The problem:
Print only the lines from the one with "Cylindrical metal UL" through the end of the data, exactly, and please omit pictures.

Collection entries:
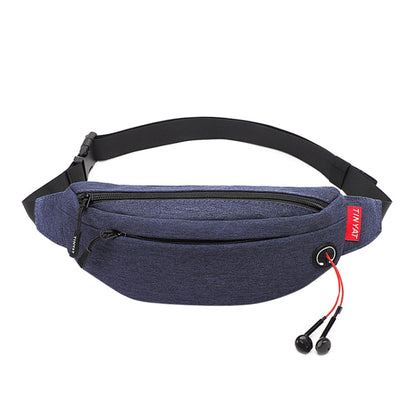 TINYAT T2003 Sacs Bananes de Sport Extérieur en Nylon Imperméable pour Téléphone Portable (Bleu Foncé)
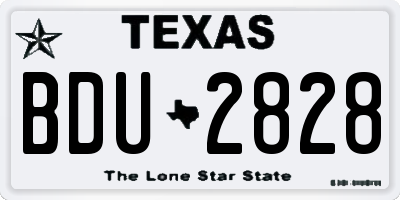 TX license plate BDU2828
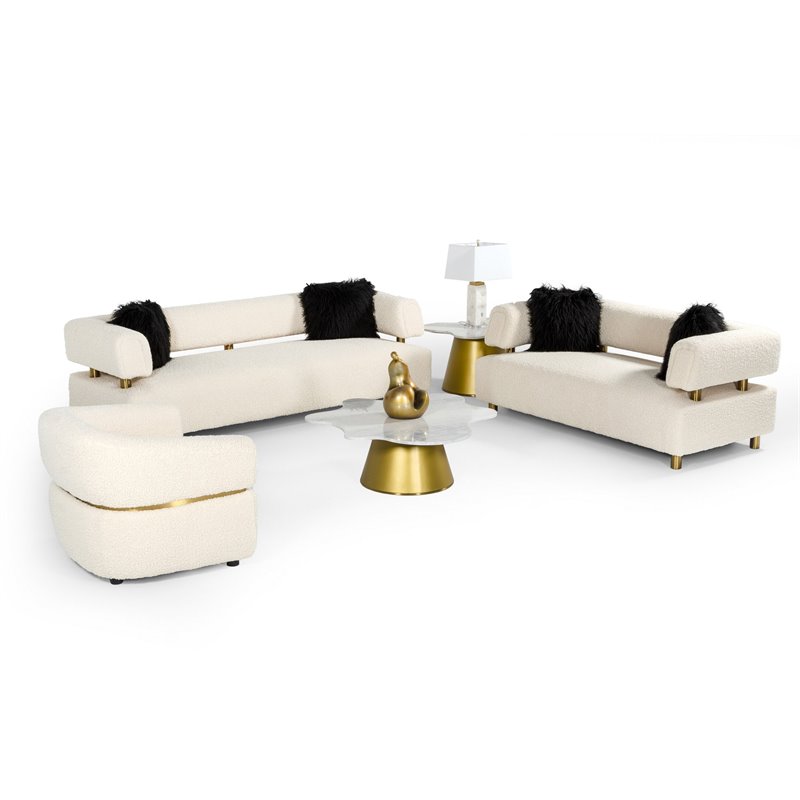 Divani Casa Gannet Stainless Steel & Polyester Fabric Accent Chair in Beige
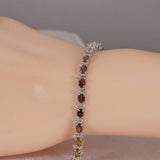 Natural Multi Tourmaline Gemstone Tennis Bracelet 7 inches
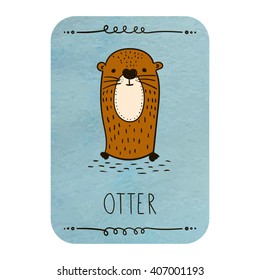 Card with cartoon otter on watercolor background. Vector and illustration design. 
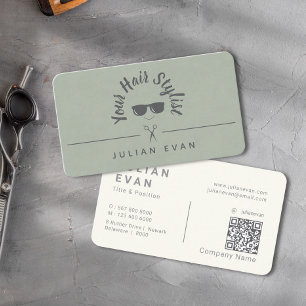 Carte De Visite Moderne Chic tendance Sage Green Icon Hair Stylist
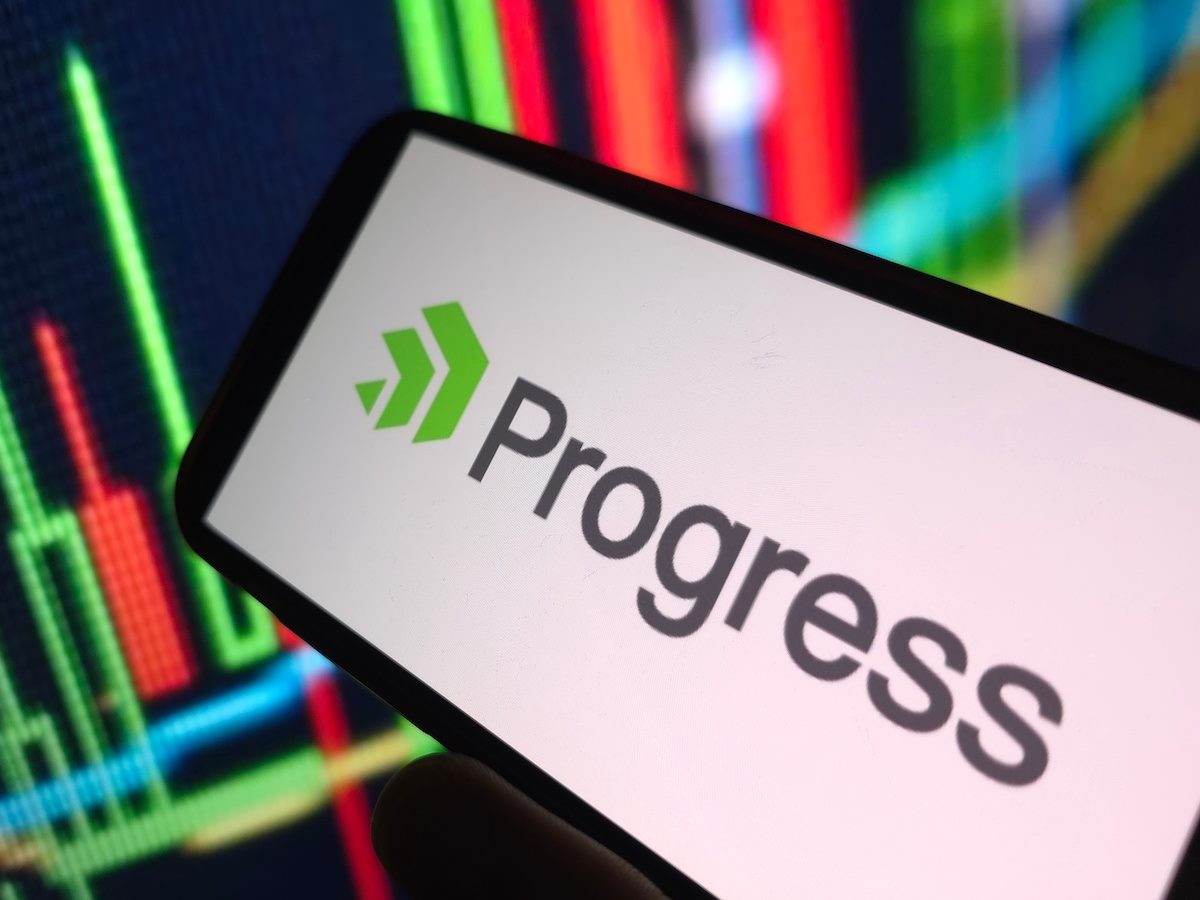 Progress Software company logo displayed on mobile phone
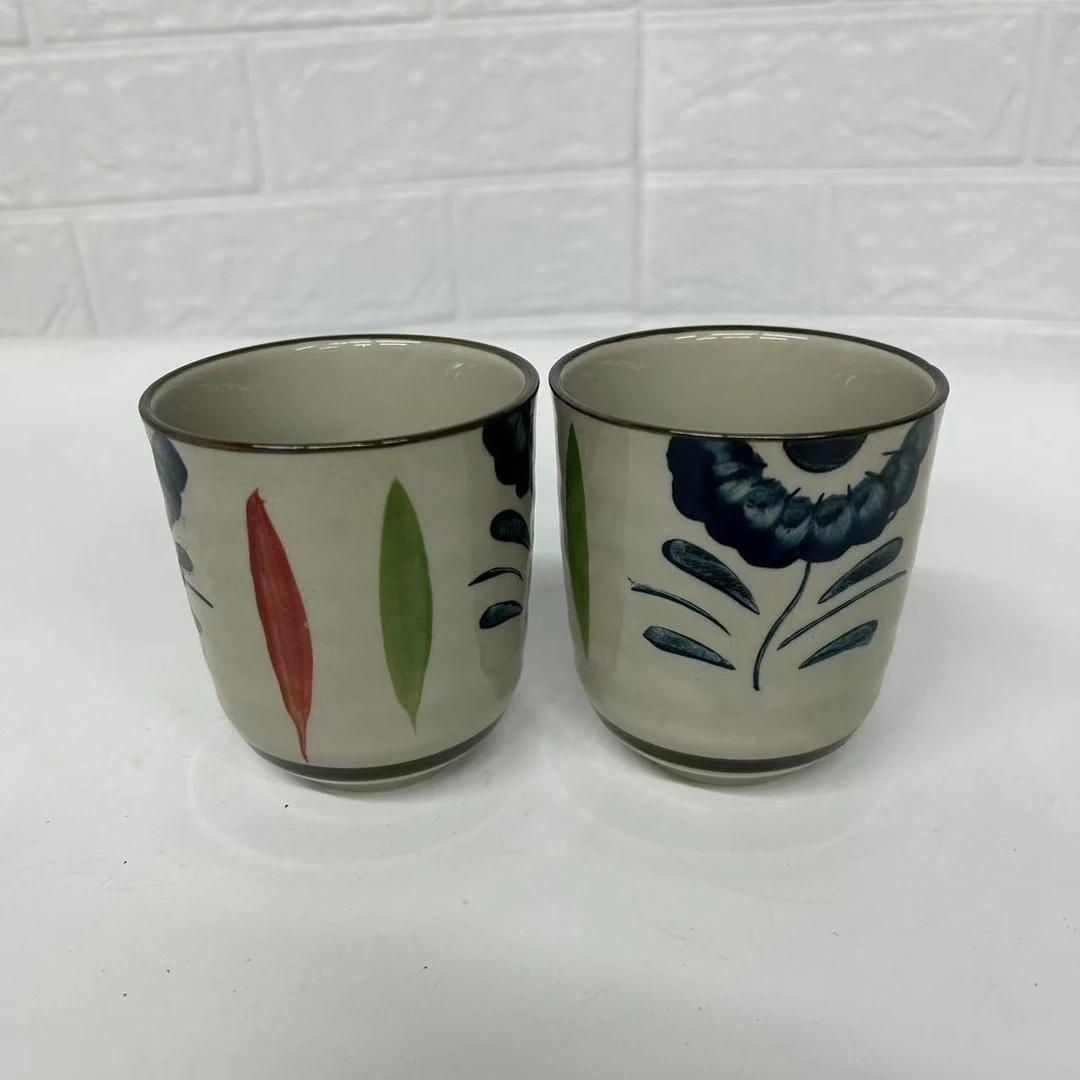 D53釉下彩手绘手工握手杯两件套家用喝水对杯大容量茶杯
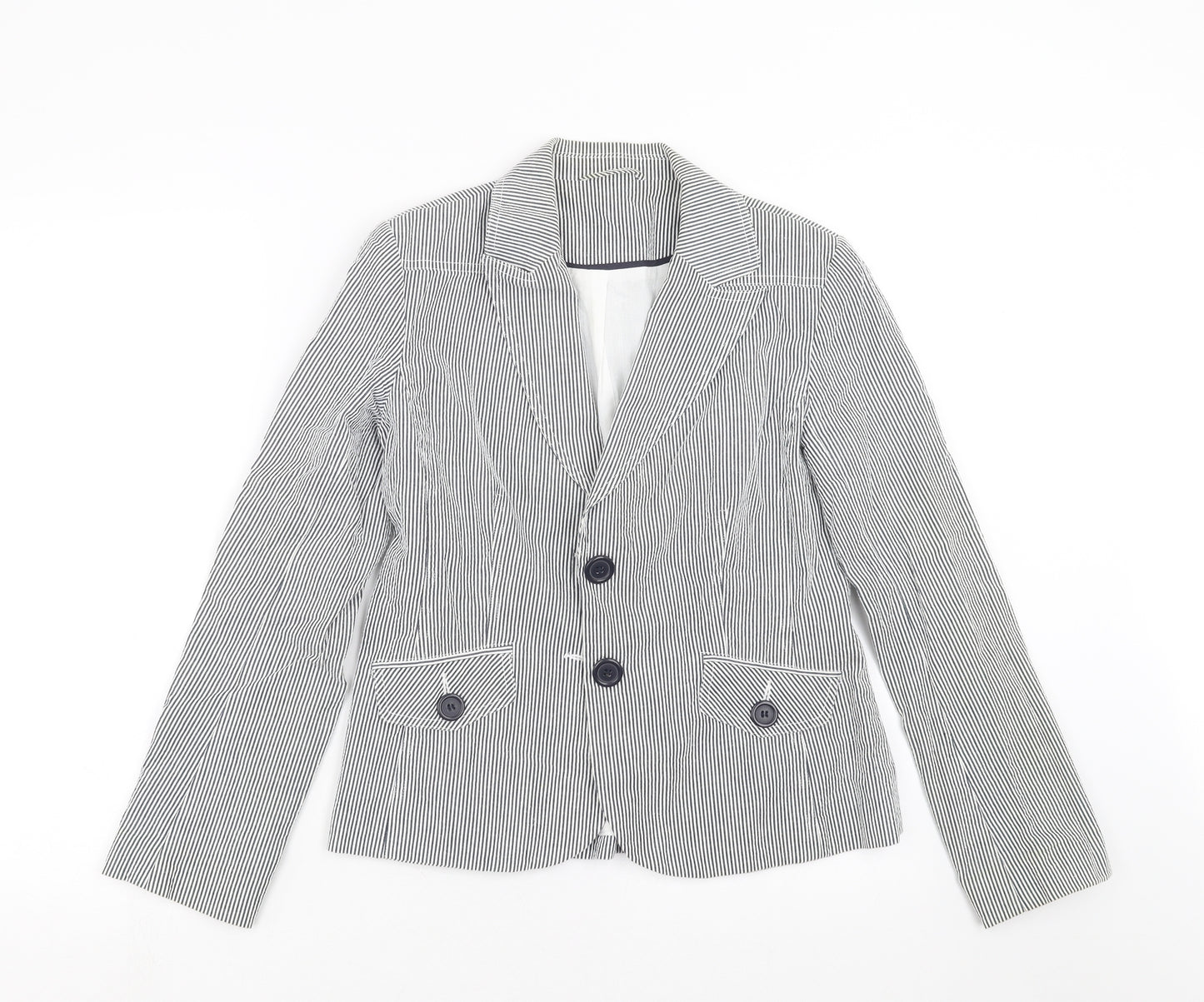 New Look Womens Blue Striped  Jacket Blazer Size 12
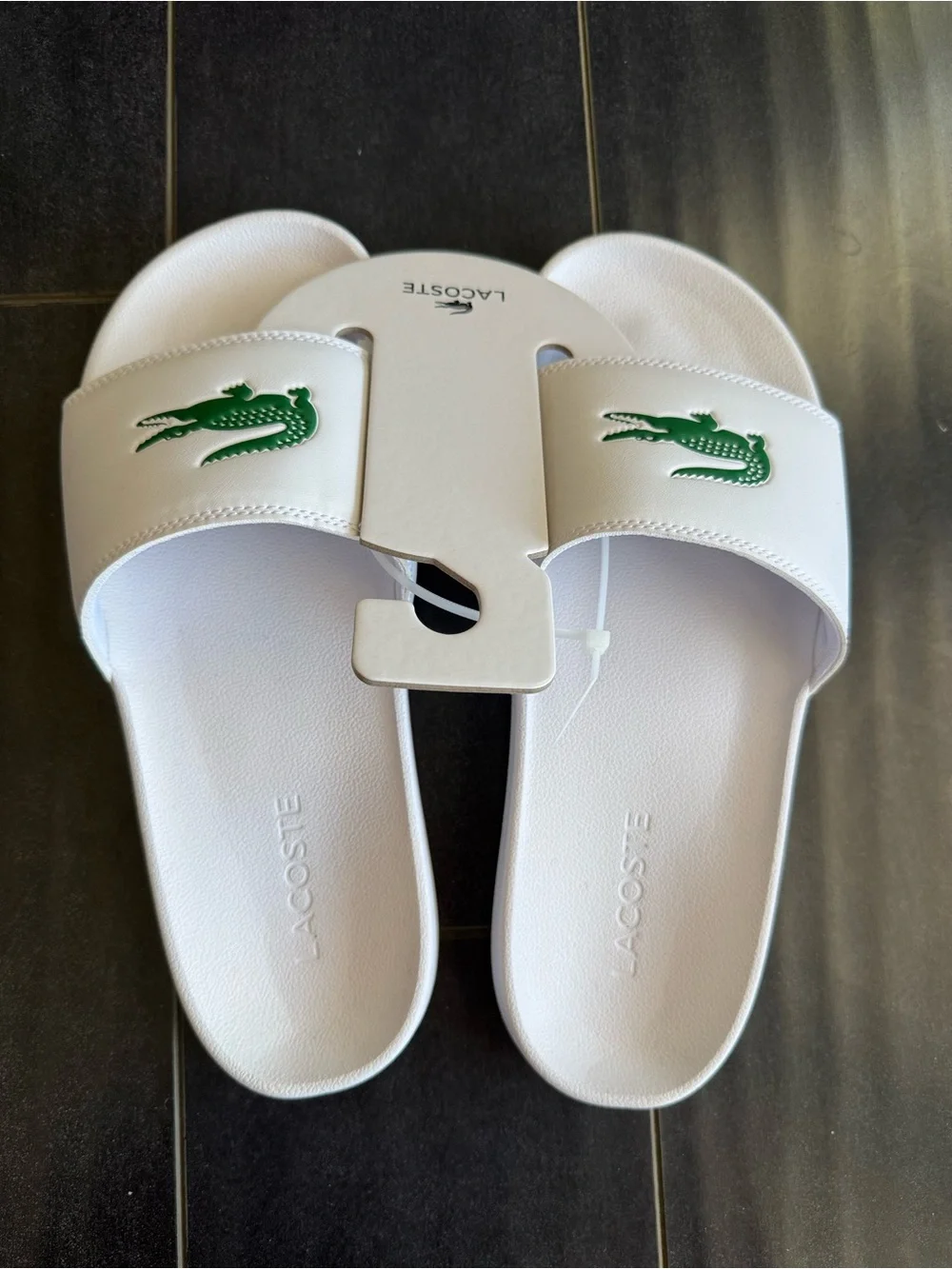 Lacoste White Men Slide Sandals with Green Croc Logo New size 11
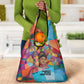 Ida B. Wells Grocery Bag with Colorful Patchwork Pattern Design Confident Portrait Civil Rights and Journalism Tribute - African Pride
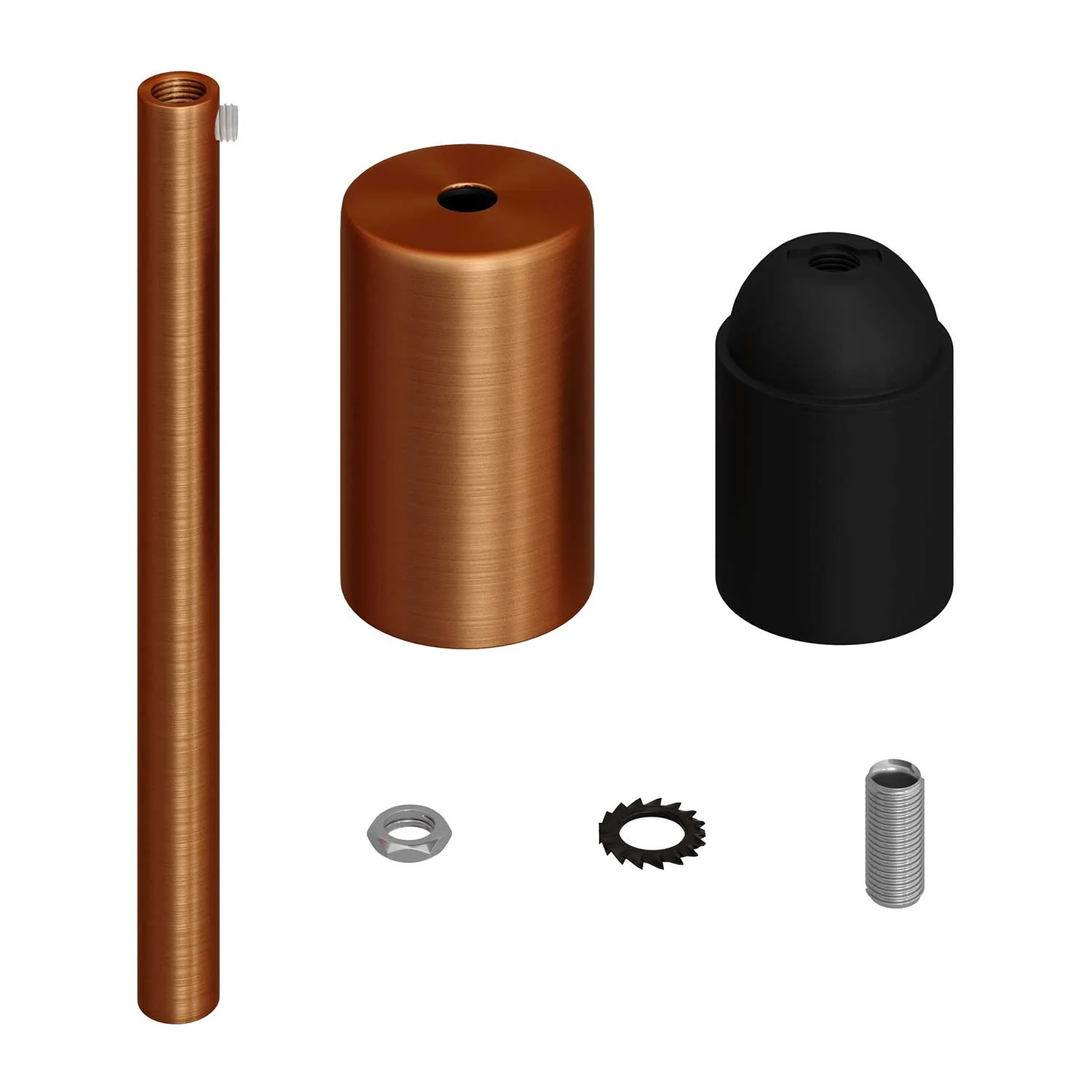 Cylindrical metal UL E26 light bulb socket kit with 15 cm cable clamp - Brushed copper - Image 2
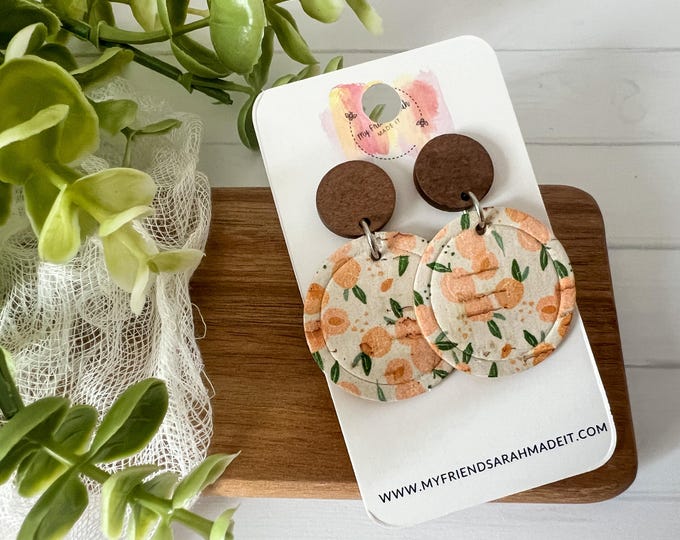 Peach Print Statement Earrings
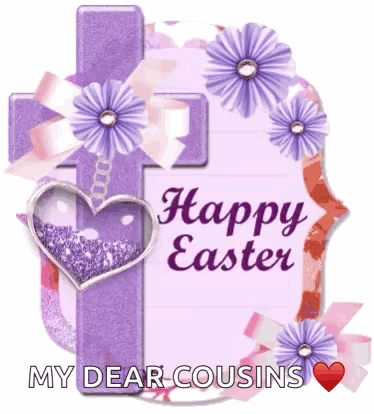A Happy Easter Card With A Purple Cross And Purple Flowers GIF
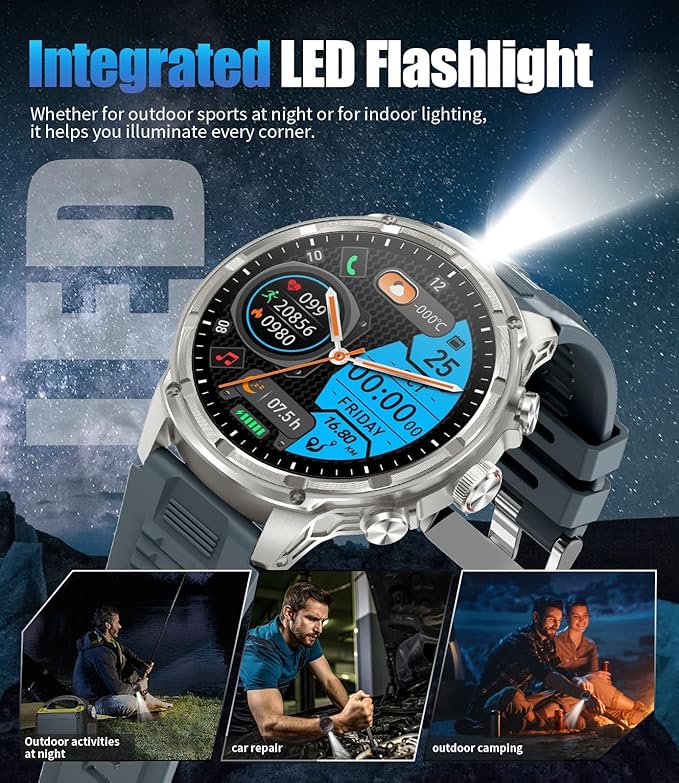 Smart Watch for Men-LED Flashlight, 1.85" Extra Large Smartwatch, 800mAh Long Battery, 100+ Sports Smart Watches Fitness Tracker, Bluetooth Caling/Pedometer/Sleep Monitor for Android iOS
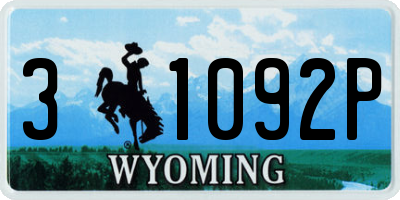 WY license plate 31092P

Expected answer:
 Cylindrical metal UL E26 light bulb socket kit with 15 cm cable clamp - Brushed copper - Image 2
 Peach Print Statement Earrings
A Happy Easter Card With A Purple Cross And Purple Flowers GIF
 Smart Watch for Men-LED Flashlight, 1.85" Extra Large Smartwatch, 800mAh Long Battery, 100+ Sports Smart Watches Fitness Tracker, Bluetooth Caling/Pedometer/Sleep Monitor for Android iOS
 WY license plate 31092P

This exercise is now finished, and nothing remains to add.